A National Interest Waiver is an exemption from the labor certification process and job offer requirement for advanced degree/exceptional ability workers applying for an EB-2  Visa for Immigration into the United States.

EB-2 petitioners can avoid the PERM Labor Certification process by presenting as a ‘national interest waiver’. NIW (National Interest Waiver) requires the foreign national to ‘self-petition’ so that he/she can file the I-140 form on his/her own behalf without involving any labor certification or a sponsoring employer.

The processing time for the NIW green cards usually varies from 3–9 months. This depends on the service center and the adjudicating officer assigned by the United States Citizenship and Immigration Services (USCIS) to each petition.

Physician National Interest Waiver (PNIW) 

Physician national interest waiver is a specially designed category for physicians/doctors to work and conduct impactful research in the United States. It enables a clinical physician/doctor to adjust his/her status to a permanent resident or to a green card holder without actually demonstrating that eligible and qualified physicians are unavailable in the particular location. The physician can also apply for the green card even if his/her employer is unwilling to file the petition on his/her behalf through the national interest waiver. In the United States, there always remains a shortage of physicians who can provide their healthcare services to the disadvantaged areas.

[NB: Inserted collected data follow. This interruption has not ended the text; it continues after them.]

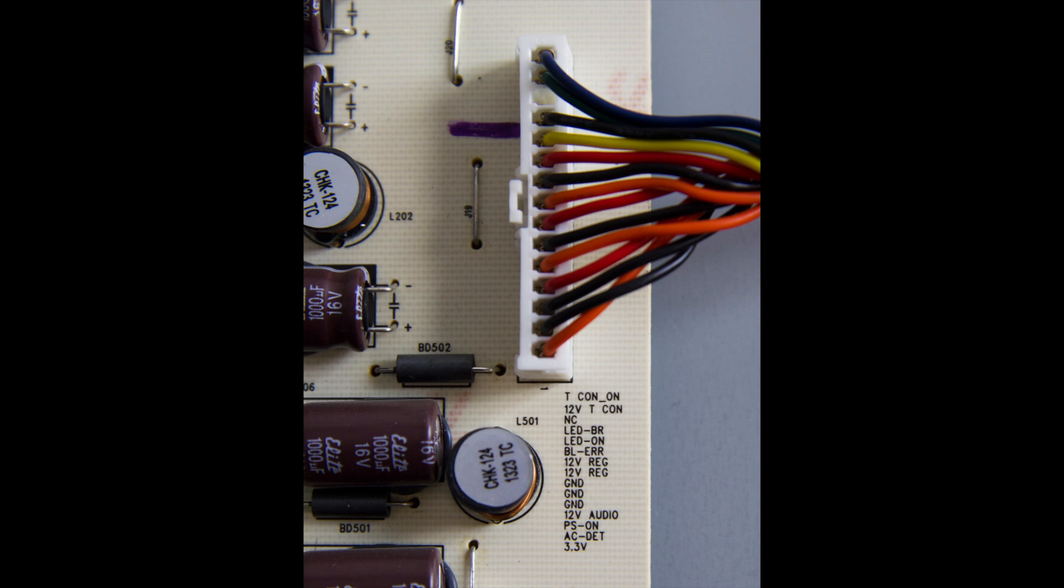For this TV, the standby voltage is 3.3 volts. Some TVs will have the test points on the connection where the cable connects to the board. We have highlighted this test point in the video.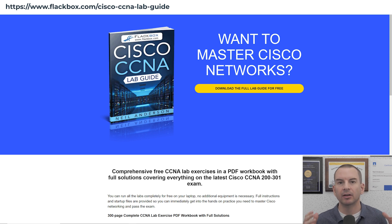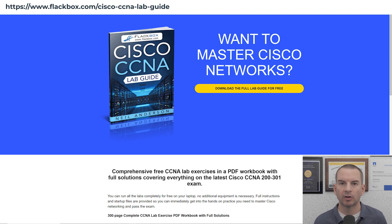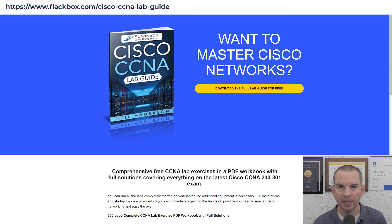then go back and have a look at video 0203 in this CCNA course — that's how to use the course lab exercises.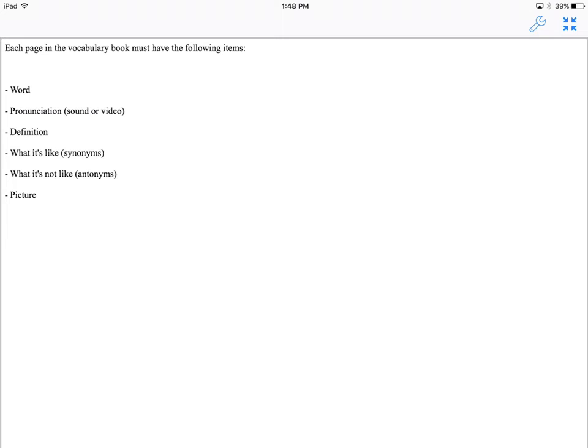Something we learned at the Apple conference in Dallas was that if you are going to create a book on an iPad, it should be able to do things that regular books could not do, such as having sound or video, something like that.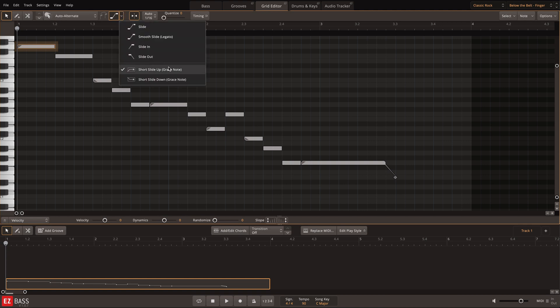One of the most useful articulations in the EasyBass sound library are the grace notes. Grace notes are short slides up or down in pitch, and adding them to your compositional workflow will quickly escalate the realism in your tracks.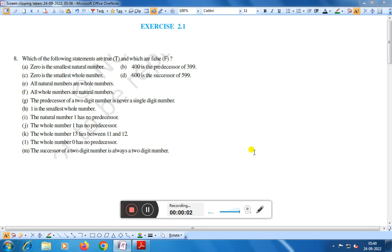Dear friends, today we shall discuss Exercise 2.1, Question Number 8: which of the following statements are true and which are false?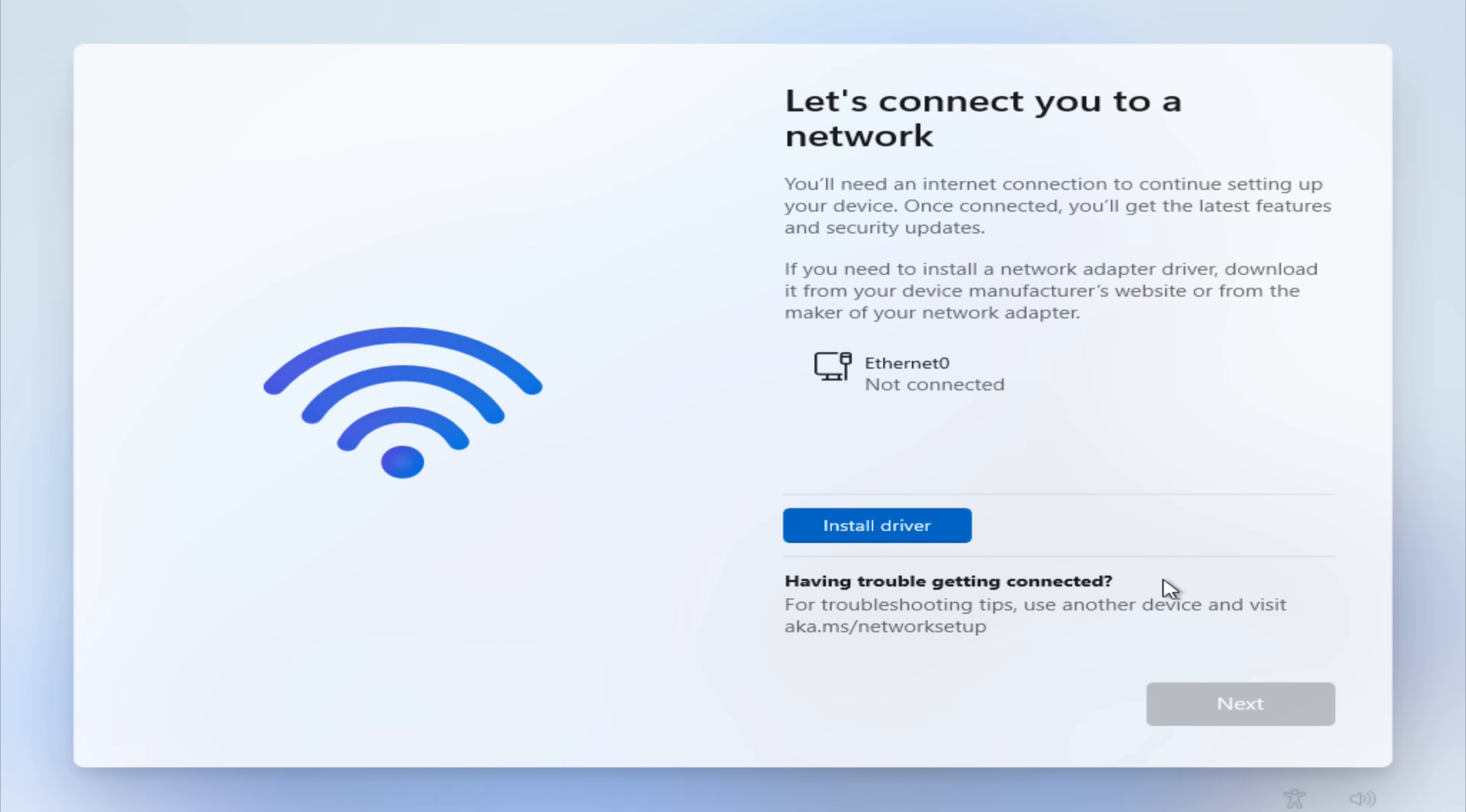Once you proceed, you'll notice that Windows 11 is prompting you to connect to the internet and sign in with a Microsoft account. Microsoft has made this step mandatory, but today I'll show you how to bypass this requirement and continue the installation without signing in online.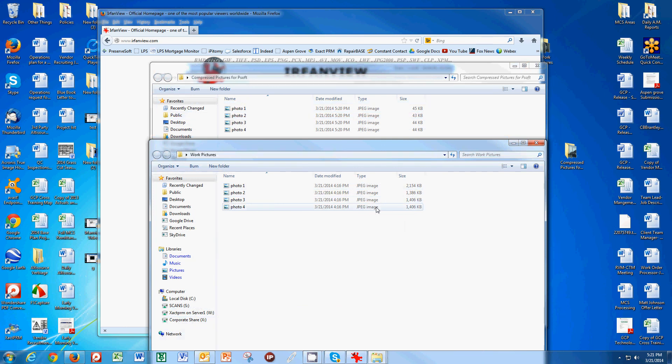So it's a very quick, easy way to make your pictures very small so that when you upload them into PreserveSoft, you are quick again and you're not sitting around waiting all night for those pictures to upload. Thanks for watching.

To apply for the PNIW category, eligible physicians must meet the set of requirements listed by the USCIS.

According to the regulations of USCIS, a physician may apply for the PNIW by working as a clinician in areas with shortage. The applicant need to work in one of the following areas to qualify:

Health Professional Shortage Areas (HPSA)
Medically Underserved Area (MUA)
Mental Health Professional Shortage Area (MHPSA)
Veterans’ Affairs (VA) facility

National Interest Waiver (Standard) 

NIW (National Interest Waiver) is an option to get a green card for certain individuals who have “exceptional abilities” in the field of science, arts, business or any other profession. This implies that the foreign national is eligible to apply for their green card without any job offer from a U.S. employer. The foreign national simply has to establish the fact that their research is beneficial to the United States and therefore determines the national interest. This provision applies to the employment-based immigration category, EB-2. The applicant has to qualify either for an “advanced degree professional” or an “alien of exceptional ability”. Sending evidence for qualifying both the categories does not guarantee success.

NIW petitions are common among Ph.D. scholars, researchers, postdoctoral research fellows and other advanced degree qualified professionals.

Matter of DHANASAR 

“USCIS may grant a national interest waiver if the petitioner demonstrates: (1) that the foreign national’s proposed endeavor has both substantial merit and national importance; (2) that he or she is well positioned to advance the proposed endeavor; and (3) that, on balance, it would be beneficial to the United States to waive the job offer and labor certification requirements.”